Estimating Individual Advertising Effect In E Commerce

Abstract

Online advertising has been the major monetization approach for Internet companies. Advertisers invest budgets to bid for real-time impressions to gain direct and indirect returns. Existing works have been concentrating on optimizing direct returns brought by advertising traffic. However, indirect returns induced by advertising traffic such as influencing the online organic traffic and offline mouth-to-mouth marketing provide extra significant motivation to advertisers. Modeling and quantization of causal effects between the overall advertising return and budget enable the advertisers to spend their money more judiciously. In this paper, we model the overall return as individual advertising effect in causal inference with multiple treatments and bound the expected estimation error with learnable factual loss and distance of treatmentspecific context distributions. Accordingly, a representation and hypothesis network is used to minimize the loss bound. We apply the learned causal effect in the online bidding engine of an industrylevel sponsored search system. Online experiments show that the causal inference based bidding outperforms the existing online bidding algorithm.

1 Introduction

The last two decades have seen the prosperity of e-commerce. Taking Taobao as an example, as the biggest e-commerce marketplace in China [Edquid, 2016], Taobao search service covers over 300 million consumers each day, bringing daily 10 billion search queries and subsequent page views (PVs), providing advertisers sufficient opportunities to promote their commodities online ¹.

In sponsored search advertising, advertisers bid for keywords associated with their commodities (ADs ²) and pay the platform when consumers land their commodity/store homepage by clicking the advertisement (Pay-Per-Click,

PPC). The payment equals the minimum bid price required to keep the advertising slot in the real-time competition [Wilkens et al., 2017]. The returns of advertising can be summarized in two aspects. The direct returns of advertising are the impressions, clicks and conversions occurred upon the advertising PVs. Meanwhile, advertising also yields even more valuable indirect returns by connecting with wider online audience, thus impressing more audience via unobserved social interactions. Additionally, in e-commerce platform like Taobao, there is a ranking index called “sales volume” for organic search traffics, which reflects the purchasing popularity of the commodity among its peers and has been an important shopping guideline for consumers. In this way advertisers can accumulate sales volume via advertising PVs to gain more exposures in gigantic organic search PVs.

The direct and indirect returns motivate advertisers to invest advertising budget to prosper their online business. Despite its significance, however, to the best of our knowledge, existing work mostly focus on optimizing direct returns [Zhang, 2016; Zhu et al., 2017]. This might be caused by the fact that direct returns are seamlessly observable in the closed-loop e-commercial platform like Taobao.

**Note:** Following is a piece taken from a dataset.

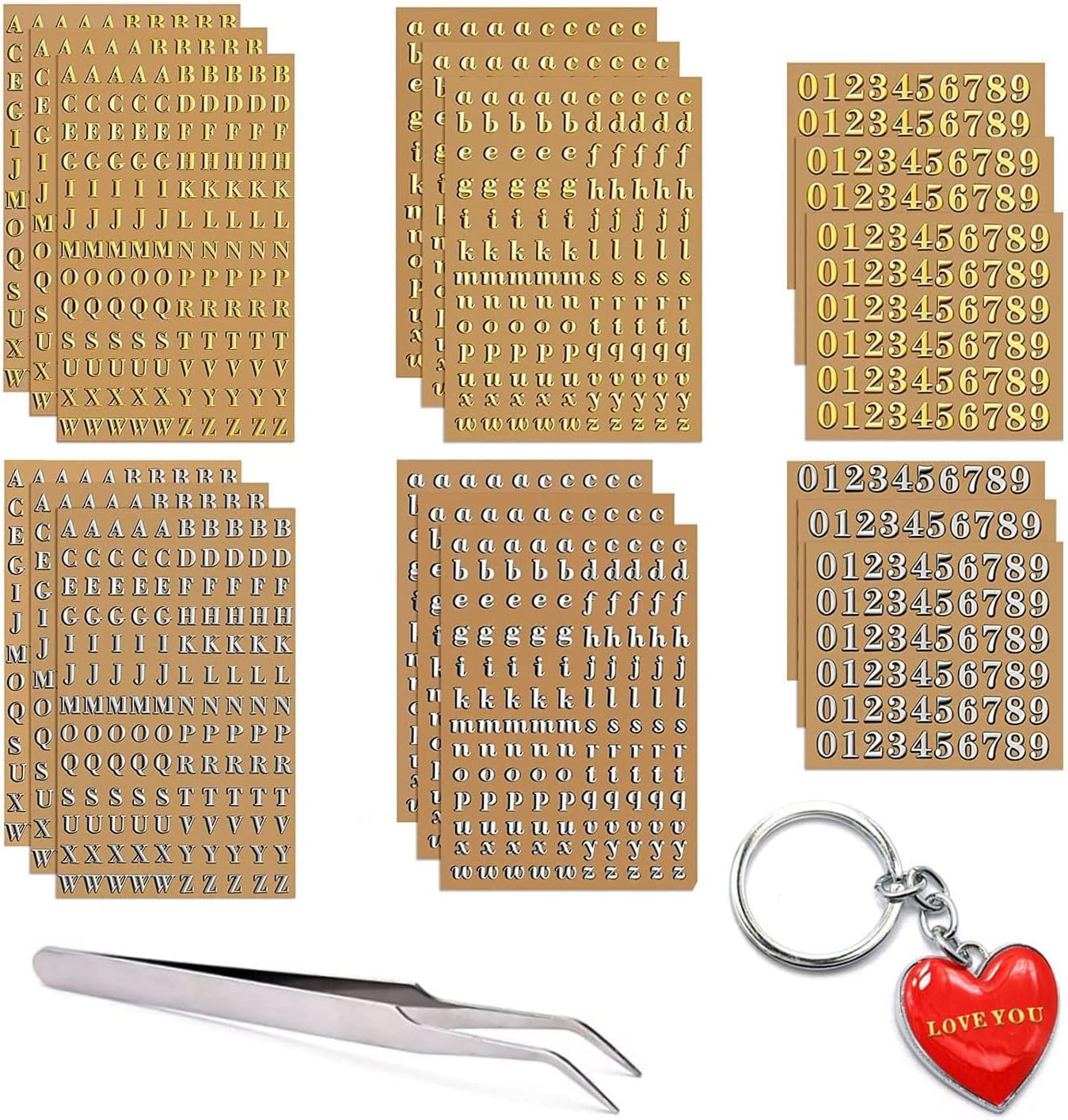 18 Sheets Mini Gold/Silver Letter Stickers for Nail Art, Epoxy Resin Crafts, Gli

Meanwhile, there are so many factors leading to the overall returns, making it intractable to quantify the indirect returns attributed to advertising. Nonetheless, the ability of inferring the overall advertising effect including both direct and indirect returns provide advertisers the opportunities to allocate their advertising budget more wisely in the product life cycle.

E-commercial advertisers are eager to know the growth of advertising returns if they invest more budget via a specified advertising channel. Specifically, in the PPC advertising, the cost is equivalent to the number of clicks occurred in advertising PVs given a relatively stable payment per click. And the overall advertising returns can be observed as the number of total clicks of the advertising AD accumulated in all the online channels. Therefore, we want to infer the individual advertising effect (IAE) via predicting the incremental number of all-channel clicks in a period under the intervention of advertising clicks ³.

^<sup>2A commodity is also called an AD in Taobao, which represents both the commodity and the associated advertisement.

^<sup>3Numerical analysis also shows that the Pearson’s coefficient between the number of advertising clicks and all-channel clicks is approximately 25% larger than that between advertising impressions and all-channel clicks. We hide the detailed coefficient value due to commercial secrets.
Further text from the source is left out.